Shriji Arvind Singh Mewar said the awards have always been committed to progressive values of empowering women through education and acknowledging their contribution to rural development work often in village communities. He praised the women awardees as ‘beacons of inspiration’. This category of the MMCF Awards resonate with the ideals and achievements in the late 19th century when Maharana Shambhu Singh, an illustrious Maharana of Mewar, established the first secondary school for girls in Udaipur. Education was important for Maharana Singh who was not formally educated himself.

“We applaud all of tonight’s awardees and their outstanding achievements need to be acknowledged in our times,” said Shriji. “They need to be encouraged  to carry on with their exceptional work. Women still face enormous prejudice in some parts of India but as tonight’s awardees have shown it can be overcome and fought.”

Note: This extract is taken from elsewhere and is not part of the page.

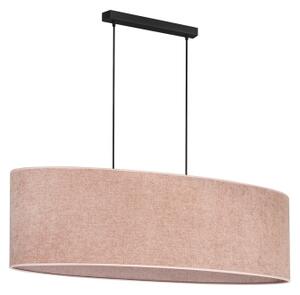 Lustră pe cablu Duolla OVAL 2xE27/15W/230V roz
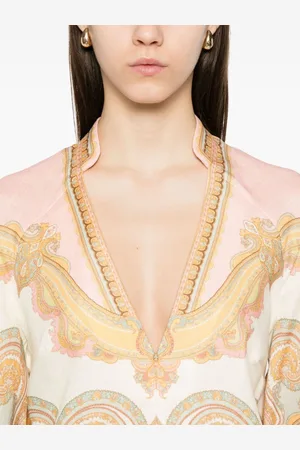 ZIMMERMANN Maxine Printed Cotton Tunic Dress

Meanwhile, other notable awardees included Sir Angus Deaton a Scottish born Professor of Economics and International Affairs at Princeton University in America. Sir Angus was honoured with the prestigious Colonel James Tod Award for his work researching healthcare in Rajasthan and India.  The award is given to a foreign national each year who has contributed ‘permanent value’ in understanding of the spirit and values of Mewar. It is named after the British officer Colonel Tod who spent 22 years in India at the turn of the 19th century, several of those in Udaipur helping to develop a productive relationship between the British East India Company and Mewar.

The awardee  of the Haldighati Award for journalism was Praveen Swami, an International Affairs editor at the Indian Express. Accepting his award Praveen called for greater respect for differing opinions in public debate, raising his concerns about the increasingly abusive and intolerant tone of discussion in the media.

The Awards function was chaired by one of India’s leading poets Balkavi Bairaagi, aged 87, who continues to produce inspiring poetry and was applauded by the audience.

“As I travel across India, I am often asked what does the Maharana of Mewar Foundation actually do?,” he said. “It is committed to instilling ancient Vedic and Indian values in new generations. Triggering a positive transformation in people of today’s time and age.”

Awardees were presented with ceremonial shawls, toran plaques, certificates, commemorative medals and cash awards, depending on the category of Awards.